Configurable number of replicas#
The configuration of RonDB requires setting the number of replicas. This configuration parameter cannot be changed in a cluster after starting the cluster.
However to support changing the number of replicas RonDB supports a new configuration parameter NodeActive. Setting this to 0 means that the node is present in the cluster configuration, but it cannot be started and no one will wait for it to be started.
To start it one must first set the configuration variable to 1. This is performed using a command in the management client that also ensures that all running nodes in the cluster, also the API nodes are informed of the new active state of the node.
Similarly to decrease the number of replicas we can deactivate a node using a command in the management client.
Thus when creating a cluster in Hopsworks we will always set the NoOfReplicas=3 to ensure that we can always scale to 3 replicas. Hopsworks and RonDB currently doesn't support 4 replicas.
It is necessary to have at least one node setting NodeActive to 1 in each node group.
Since the node is in the configuration in all nodes of the cluster, the node can always be activated without requiring a restart of the nodes in the cluster. Even the API nodes can immediately activate a new data node in the cluster.
The activate and deactivate feature is also supported for management servers and API nodes.
Not only can this feature be used to activate and deactivate nodes. We can also set a new hostname of a deactivated node. Thus the hostname set in the nodes that are not active can be an arbitrary IP address that is correct. Before activating one should set the hostname of the new data node. It is quite unlikely that this IP address was known when the cluster was created.
This means that we can also use this feature to move a node from one computer to another computer. In a cloud setting it can thus be used to move from one VM to another VM.
Another advantage of this feature is that it supports temporarily increasing the number of replicas. This means that we can perform online changes even with only 1 replica. We temporarily add a second replica to the RonDB cluster and perform the required changes. When the changes are done, we can remove the extra data node again.
Thus RonDB supports a very flexible model of operation in a cloud setting.
To support this feature three new commands have been added in the management client.
2 ACTIVATE 2 HOSTNAME 192.168.1.113 2 DEACTIVATE
The above commands activates/deactivates node 2 and the HOSTNAME command changes the hostname of node 2 to 192.168.1.113. A node must be deactivated to make it possible to change its hostname.

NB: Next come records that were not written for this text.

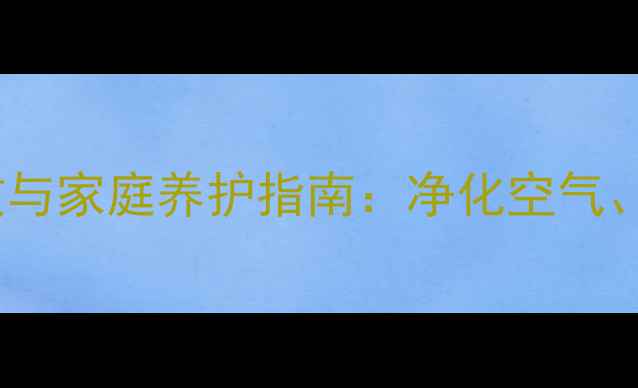图片 水养马蹄莲的养生功效与家庭养护指南：净化空气、安神助眠的天然疗法2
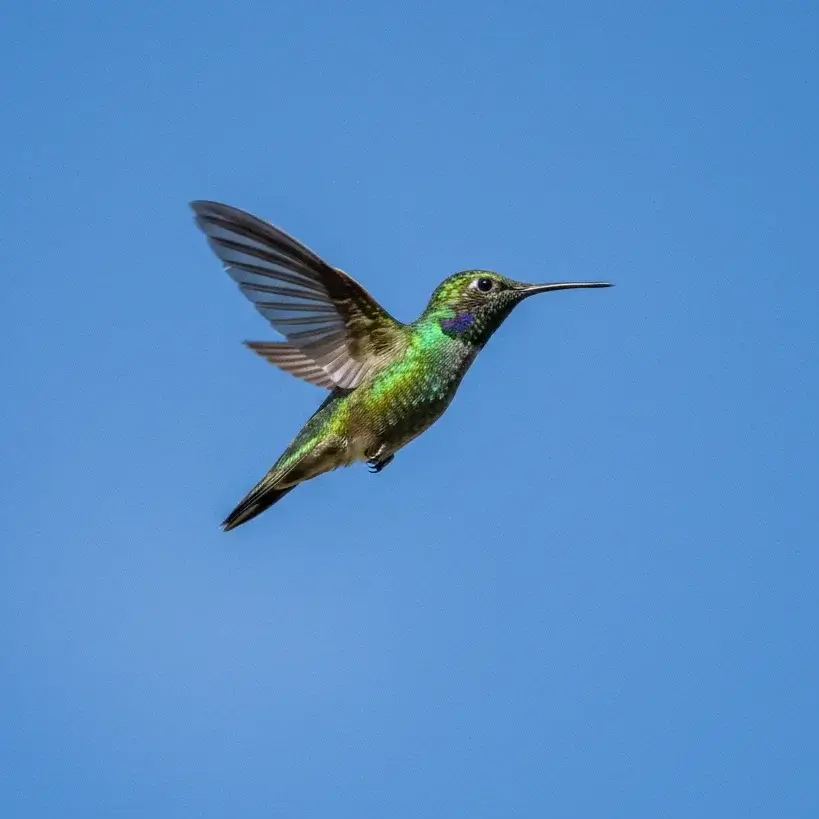 Hummingbird visiting garden flowers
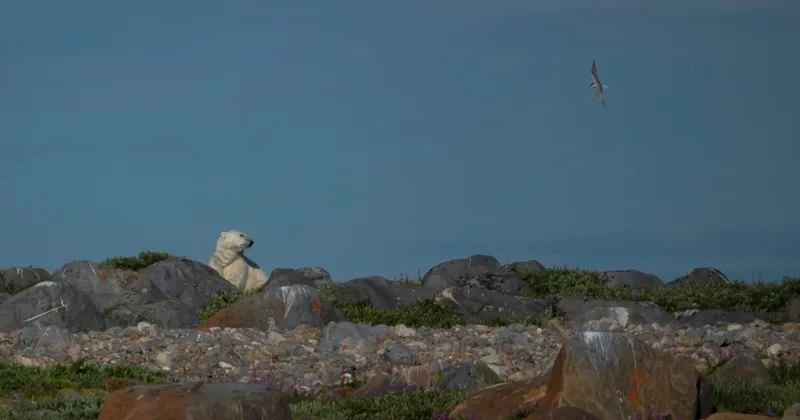 ‘A Great Situation:’ Canadian Town Lives with Polar Bears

Here is the output from show for a cluster with 3 replicas, 2 of them active, it has the possibility to run with 2 MGM servers, but only one is active, it has the possibility to run with 4 API nodes, but only one of them is active:
ndb_mgm> show Cluster Configuration --------------------- [ndbd(NDB)] 3 node(s) id=3 @127.0.0.1 (RonDB-21.04.8, Nodegroup: 0, *) id=4 @127.0.0.1 (RonDB-21.04.8, Nodegroup: 0) id=5 (not connected, node is deactivated) [ndb_mgmd(MGM)] 2 node(s) id=1 @127.0.0.1 (RonDB-21.04.8) id=2 (not connected, node is deactivated) [mysqld(API)] 4 node(s) id=6 (not connected, node is deactivated) id=7 (not connected, node is deactivated) id=8 (not connected, node is deactivated) id=9 (not connected, accepting connect from any host)
For API nodes this also makes it possible to make RonDB safer. It makes it possible to configure RonDB with all API nodes only able to connect from a specific hostname. It is possible to have many more API nodes configured, but those can not be used until someone activates them. Before activating them one should then set the hostname of those nodes such that only the VM that is selected can connect to the cluster.
Thus we can ensure that no one can access the cluster unless they are using trusted servers.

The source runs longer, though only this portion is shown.